ALCOHOL-RELATED deaths in the UK increased slightly in 2014 to 14.3 per 100,000 population but are still almost double those recorded in 1994, according to figures published by the Office for National Statistics.
The OHS report states there were 8,697 alcohol-related deaths registered in the UK compared to 8,416 in 2013 (an age standardised rate of 14.0 deaths per 100,000 population). The majority (65 per cent) were among males and rates were highest among 55 to 64-year-olds.
Scotland had the highest alcohol-related death rates in 2014 for both sexes but it has also seen the fastest decrease in rates since peaking in the 2000s.
Alcohol-related death rates for both sexes were significantly higher in the north of England than the south in 2014. England and Wales are the only UK countries where alcohol-related death rates for females were significantly higher in 2014 than 1994.
Commenting on the figures, Chair of the Alcohol Health Alliance, Professor Sir Ian Gilmore, said: "Deaths from alcohol are increasing and the age at which people are killed by alcohol is falling.
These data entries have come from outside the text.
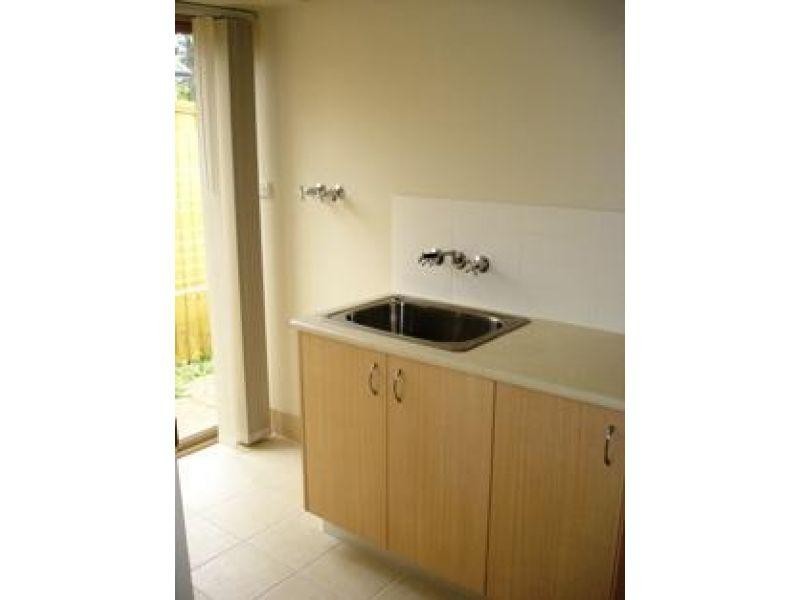 20A Spruce Street, Loganlea QLD 4131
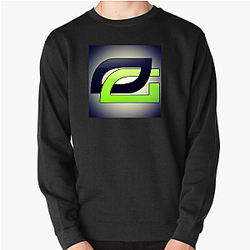 OpTic Gaming is a major organization Optic Gaming Sweatshirts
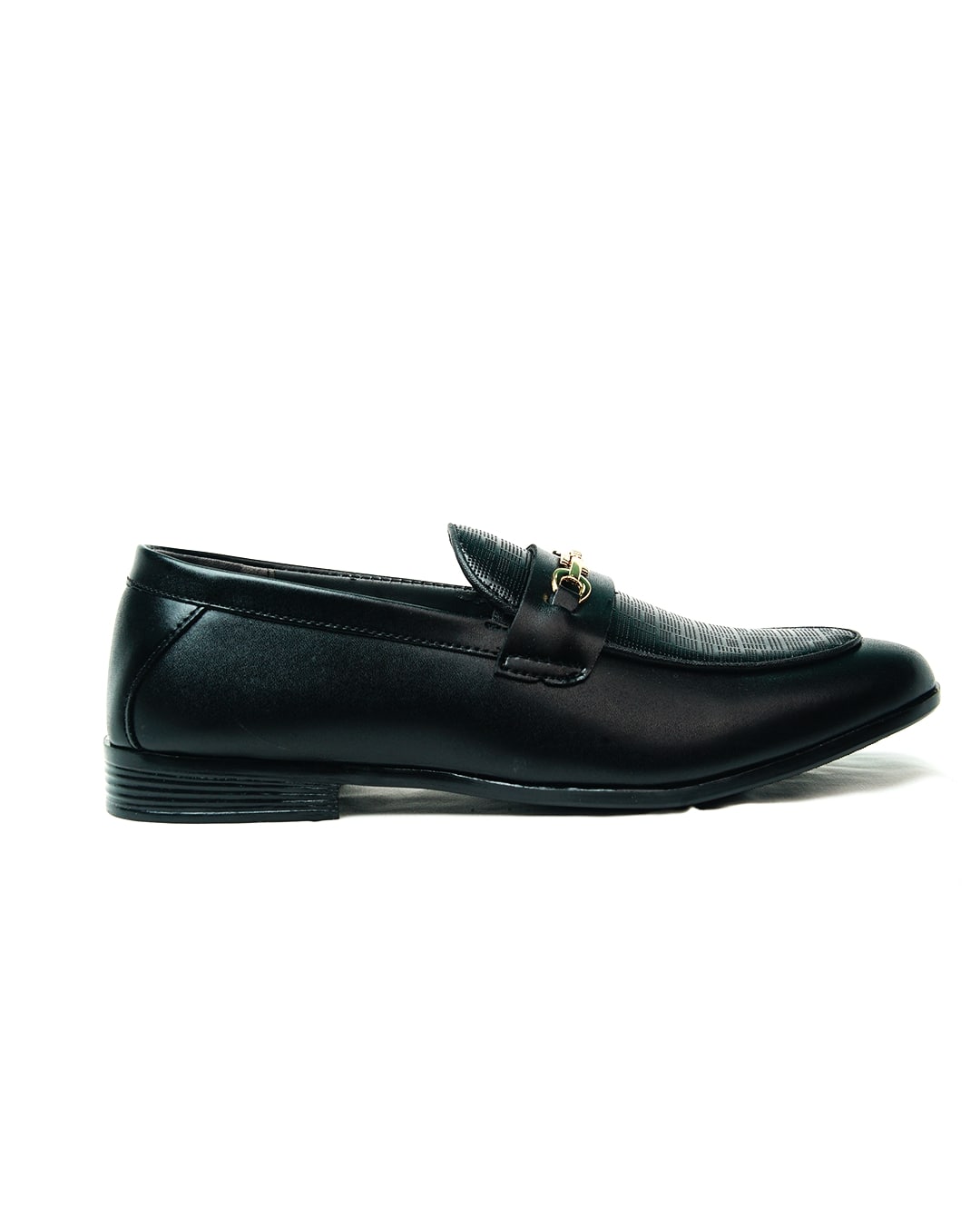 Royal classic loafers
The UK Government says this is a public health priority, so why is the situation getting worse? It is because Government continues to duck the evidence, instead of bringing in effective policies to regulate the 24 hour availability of cheap, heavily marketed drink, particularly in our supermarkets and off-licences.
"We also know that the ONS figures underestimate the true scale of the problem, and that alcohol has a role in many more deaths each year than the ONS figures suggest – the true figures are likely to be three times that reported by the ONS. The government and the ONS need to address this."